Classic and Contemporary Buddhist Works

The Svātantrika-Prāsaṅgika Distinction - Contributors

What Difference Does a Difference Make?

William L. Ames is an independent scholar as well as a librarian at John F. Kennedy University in Orinda, California. His publications include translations of the first seven chapters of Bhāvaviveka’s Prajñāpradīpa, with more to follow.

José Ignacio Cabezón is the Fourteenth Dalai Lama Professor of Tibetan Buddhism and Cultural Studies in the Religious Studies Department of at the University of California, Santa Barbara. He has translated mKhas grub rje’s sTong thun chen mo in A Dose of Emptiness (1992), he is the author of Buddhism and Language: A Study of Indo-Tibetan Scholasticism (1994), and he has authored many articles in the field of Madhyamaka studies.

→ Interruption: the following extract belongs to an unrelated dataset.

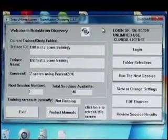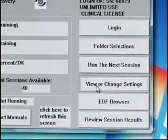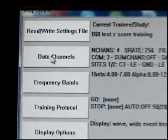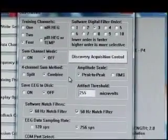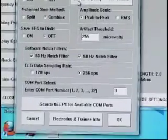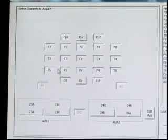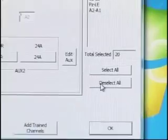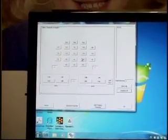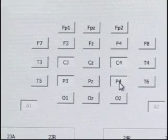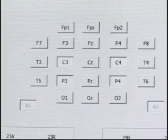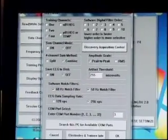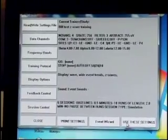I then go back to Viewer Chain Settings, up to Data Channels. What we're looking for, slightly down on the right-hand side, is the Discovery Acquisition Control. At Discovery Acquisition, we see all 19 channels are listed — we don't really want that. So we simply deselect all, then choose the sites we want to train: C3, C4, P3, P4, our two references for linked ears, and our ground. We hit OK, hit OK, and hit 'Use These Settings.'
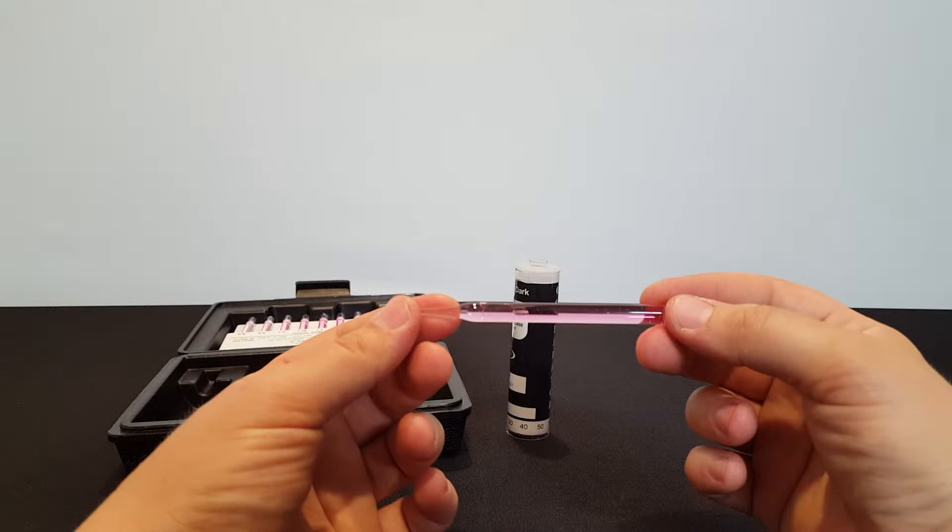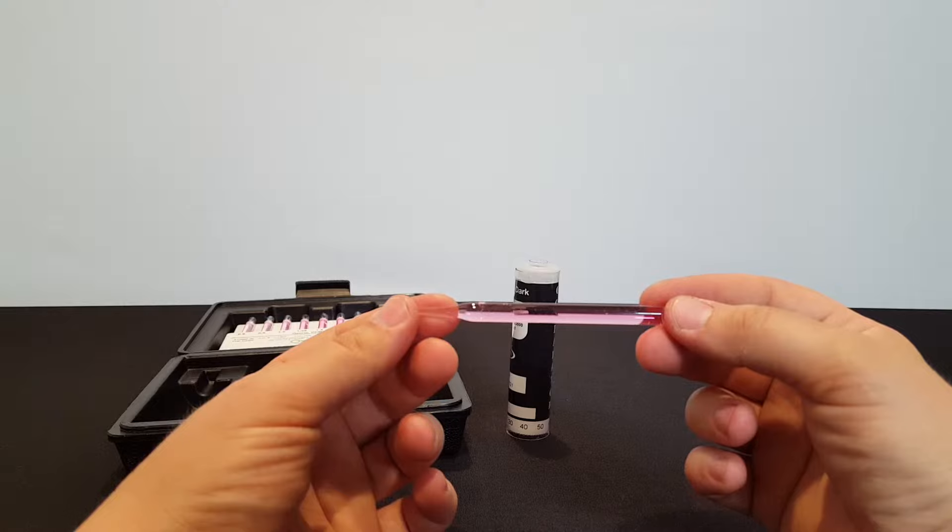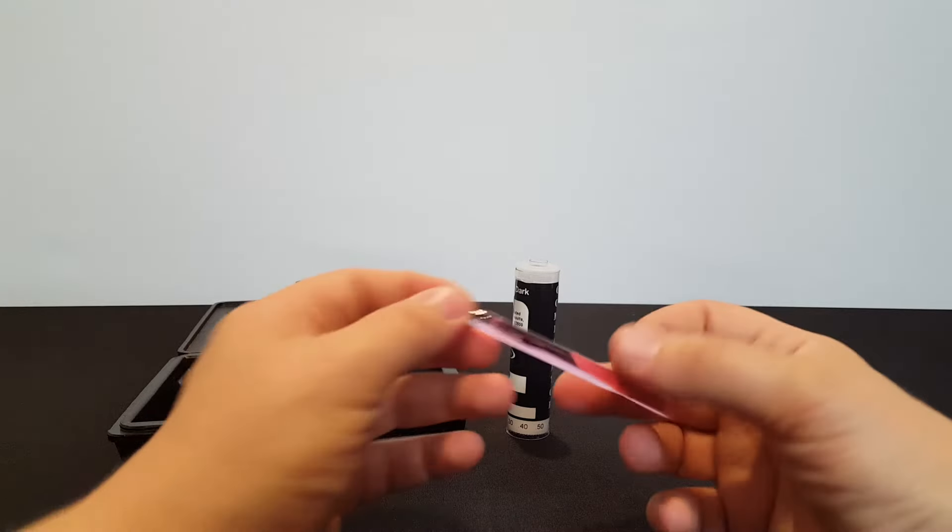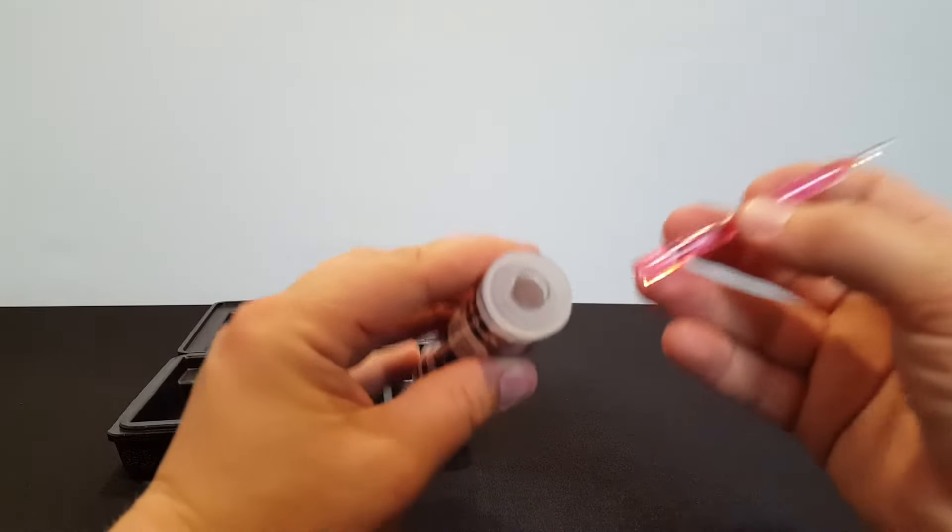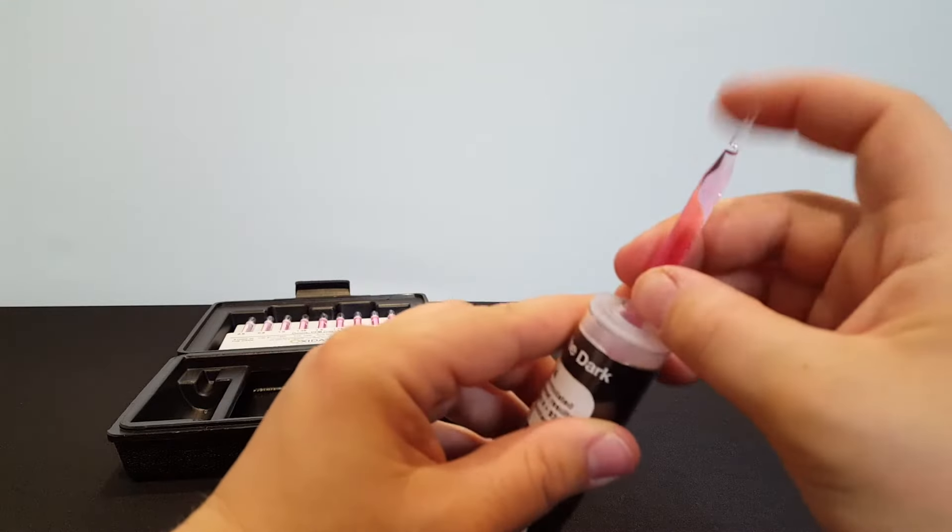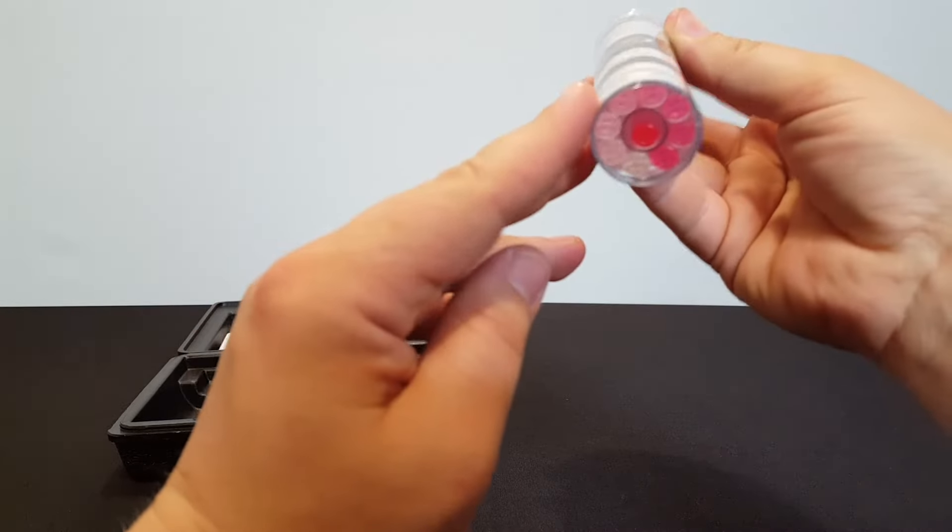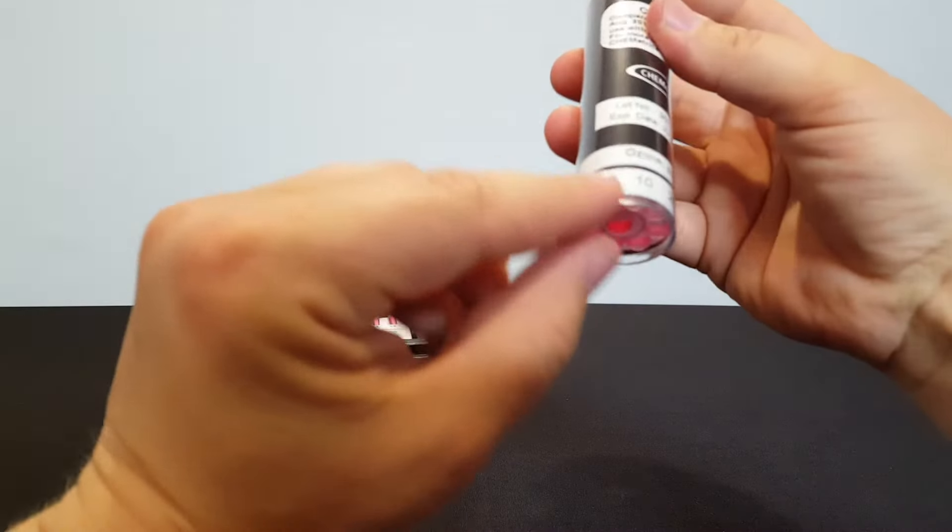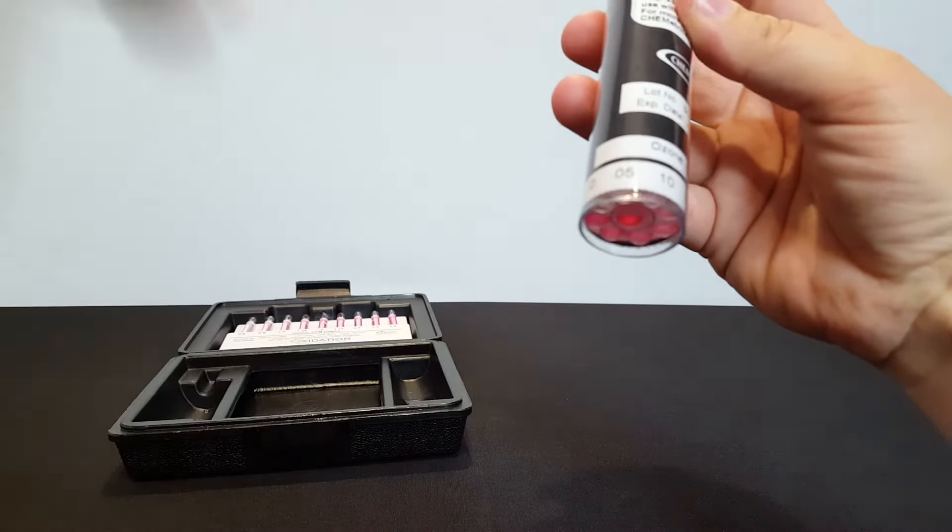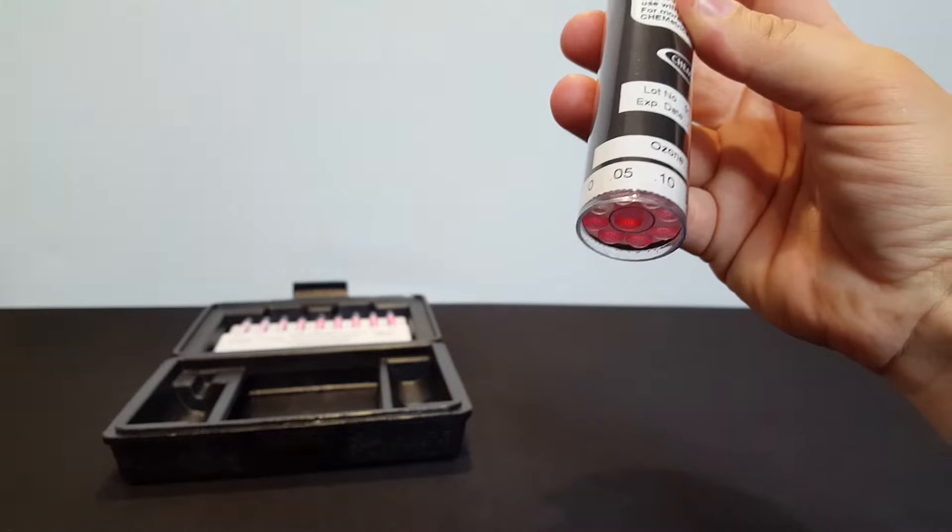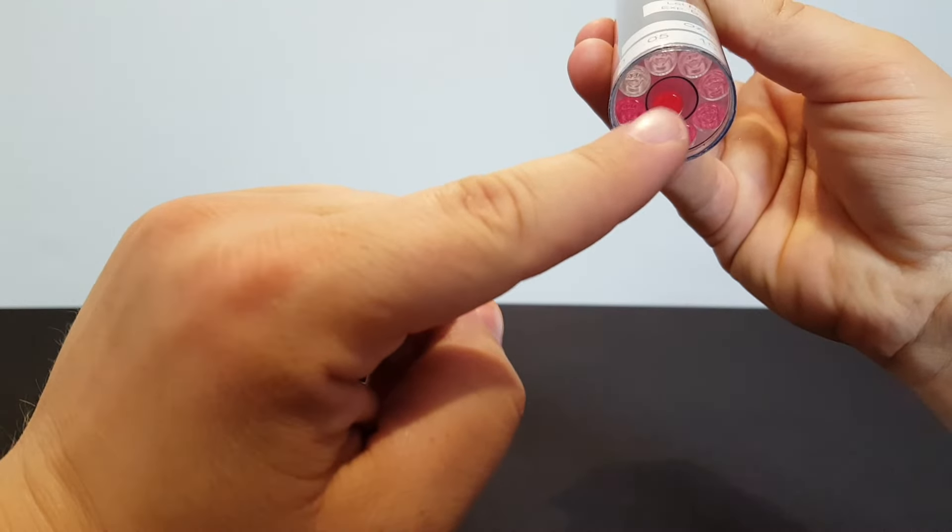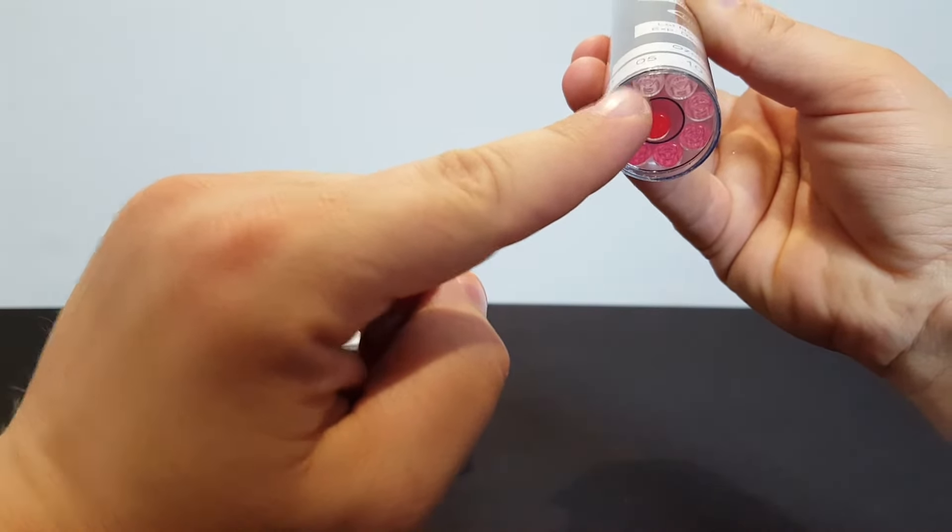Now that a minute has passed, it's time to compare the test vial to the comparator. Since we're dealing with a fairly light pink color here, we're going to go ahead and slide it in the lower level comparator, which goes up to 0.6 parts per million. It's obviously much darker than the 0.05 parts per million, which is a very light pink. You can see that ours in the middle there is much darker.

Georges B. J. Dreyfus trained for fifteen years in Tibetan monasteries, where he received the highest honor, the title of the Geshe Lharampa. He is presently Professor of Religion at Williams College, and is the author of Recognizing Reality: Dharmakīrti’s Philosophy and Its Tibetan Interpretations (1997) and The Sound of Two Hands Clapping: The Education of a Tibetan Buddhist Monk (2002).

Malcolm David Eckel is NEH Distinguished Teaching Professor of the Humanities at Boston University. His publications include Jñānagarbha’s Commentary on the Distinction Between the Two Truths (1987) and To See the Buddha: A Philosopher’s Quest for the Meaning of Emptiness (1992). He is also the editor of India and The West: The Problem of Understanding and Selected Essays of J. L. Mehta.

C. W. Huntington, Jr. is Associate Professor of Religious Studies at Hartwick College in Oneonta, NY. He is the author of The Emptiness of Emptiness: An Introduction to Early Indian Mādhyamika (1989) and a variety of articles on early Indian Madhyamaka.

Sara L. McClintock is a lecturer in the Department of Languages and Cultures of Asia at the University of Wisconsin, Madison. She recently completed her doctoral dissertation at Harvard University, entitled Omniscience and the Rhetoric of Reason in the Tattvasaṃgraha and the Tattvasaṃgrahapañjikā (2002).

Helmut Tauscher is a research scholar at the Institute for South Asian, Tibetan and Buddhist Studies in the Department of Tibetan and Buddhist Studies at Vienna University. He is a life-member of the Drepung Loseling Library Society in Mundgod, Karnataka, India and since 1991 has been engaged in a research project entitled “Western Tibetan Manuscripts, 11–14 c.” He is the author of numerous articles and book-length works on Madhyamaka, including Die Lehre von den Zwei Wirklichkeiten in Tsoṅ kha pas Madhyamaka-Werken (1995) and an edition of Phya pa chos kyi seng ge’s dBu ma shar gsum gyi stong thun (1999).

Tom J. F. Tillemans is professor of Buddhist Studies at the University of Lausanne in Switzerland. His publications on Madhyamaka philosophy include numerous articles and a two-volume work entitled Materials for the Study of firyadeva, Dharmapāla and Candrakīrti (1990).

Chizuko Yoshimizu studied philosophy, Indology, Tibetology, and Buddhism in Tokyo and Vienna, and has been a research scholar and lecturer at several universities in Europe and Japan. In addition to various articles, she has published a book entitled Die Erkenntnislehre des PrāsaṅgikaMadhyamaka nach dem Tshig gsal stoṅ thun gyi tshad ma’i rnam bśad des ’Jam dbyaṅs bźad pa’i rdo rje (1996).